Thursday, July 16, 2015

Limitations and Confidence



I had one of those conversations today that got me thinking about limitations and confidence. As I contemplate my ongoing work as a teacher (in the midst of parenting, ministry, and writing) I often struggle to find the distinctions between knowing and acknowledging my real limitations and simply lacking confidence.

Does anyone else have anything in their life that they feel this way about?

I got into teaching very much through the back door. I’ve never been trained as a teacher; everything I’ve learned as a teacher I’ve learned from experience. I rarely get opportunities for ongoing conversations or professional development that help me grow as a teacher, except in the cracks and crevices of an ongoing learning life of my own.

And these days, I seem to be teaching everywhere: as a homeschooling parent, as a children’s ministry worker, as a graduate school adjunct, as a teacher for an online diocesan lay institute, as a curriculum developer and writer. There’s almost no part of my life that isn’t suffused with teaching of one sort or another, and this past year I literally worked with students as young as three on up through retirement age. The fact that the door keeps opening for me to teach leads me to believe…I hope, I pray….that it’s a calling I’m supposed to be embracing.

I love teaching. There are parts of it I know I do well. There are other parts I know I don’t do so well, sometimes due to lack of time – time to read, think, process, discuss, experiment, grow, pay attention, check out new scholarship. Other lacks that frustrate me at times are lacks in financial resources and decent technology. There are other parts I know I don’t do so well because I just don’t do them well. I don’t know if I could ever develop certain skills as a teacher because I’m not sure I am gifted in certain areas. Like most teachers (I guess?) I try to build on my strengths.

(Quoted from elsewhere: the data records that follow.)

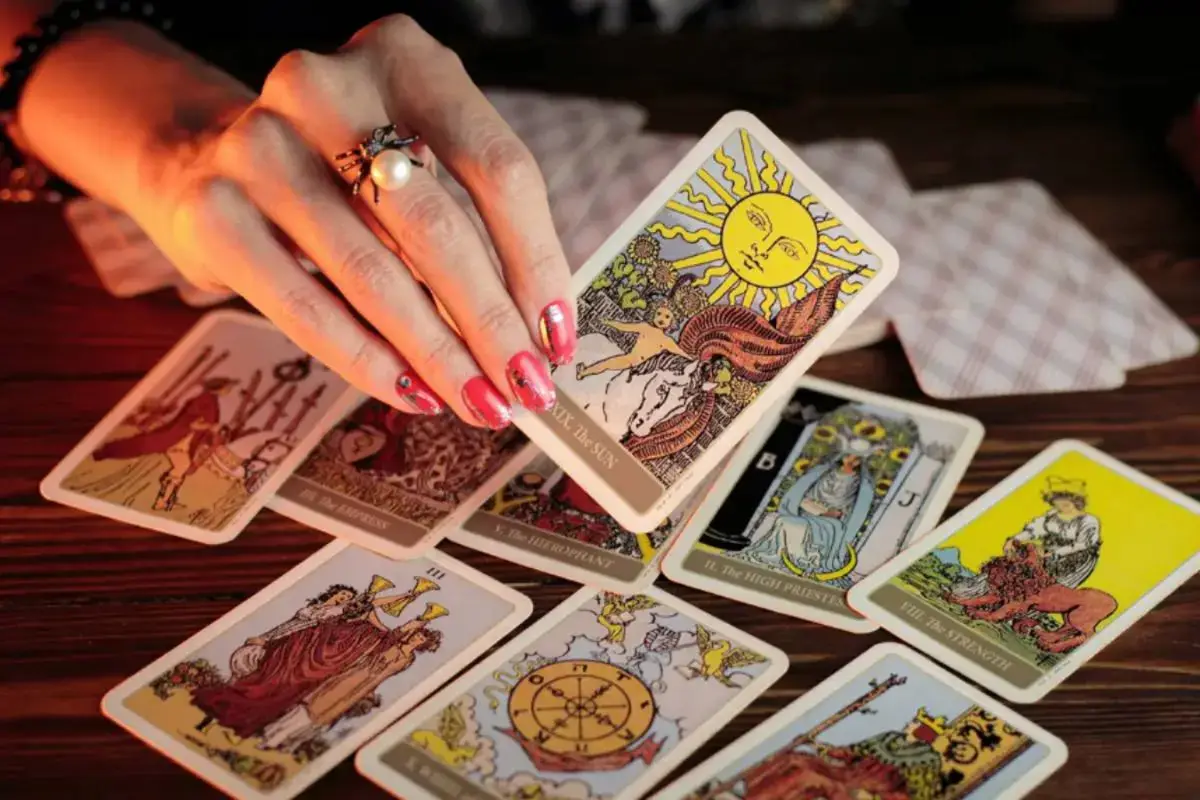 Tarot del fin de semana: ¿qué le espera a cada signo del zodíaco?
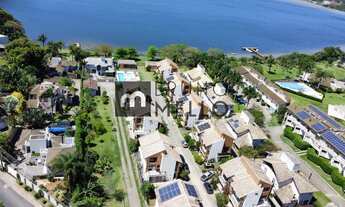 Imagem: Casa em Condomínio - 3 suítes - 165m²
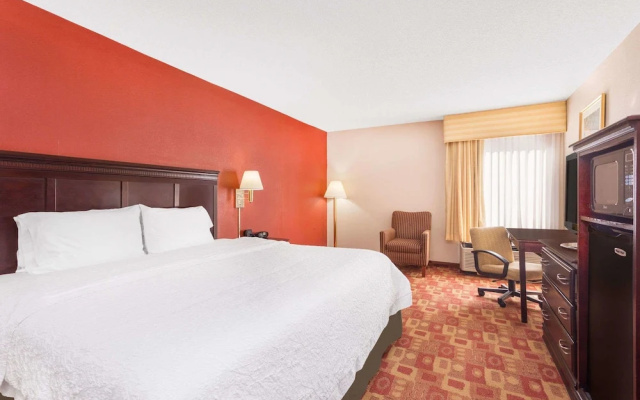 Rome Inn & Suites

But there are times when I am called upon for a teaching project when I find myself standing in front of it, feeling so unsure if I am adequate to the task, and not always knowing if it’s just me being tired and overwhelmed and lacking confidence, or me coming up against a real wall because I just don’t have the brain and the gifts needed to go any further. This is not intended to be some sort of false humility, by the way. I’m serious about the fact that I sometimes feel very limited as a scholar and teacher, especially when it comes to my work in formal academia.

I don’t mean to be navel gazing. It might sound like that’s what I’m doing, but I honestly wrestle with this question, which becomes a question of practical import when I’m trying to decide which projects to take on and how to approach them. It may not be popular to talk about limitations, but I sometimes need to face the fact that I have them – both tangible and intangible ones. I don’t like the fact that lack of confidence is sometimes part and parcel of the limitations I face, but I suspect it often is. Trying to detangle all that is difficult. Sometimes I retreat and sometimes I take the plunge; sometimes I serve my students better than others. 

Grateful for opportunities, but I do confess sometimes I wish I could put my energies into one or two places, at most, and really dig in wholeheartedly and deepen in those places. Given the current season of our lives and our family's needs, I don't think that's going to happen any time soon, which means I need to keep on learning to do as well as I can putting together the myriad small pieces that make up the mosaic of my working and creative life.  And being as faithful as I can to do them well, even when I can't give some of them the attention they deserve.

2 comments:

Free Range Anglican said...

Oh how I know this feeling! Thanks for a good post; its an encouragement that I'm not going this road alone.

Beth said...

How did I miss this comment? :) Ah well, glad to see it now, and glad to know that we share some feelings in this! (Thinking of you all in Paris...and it keeps making me smile!)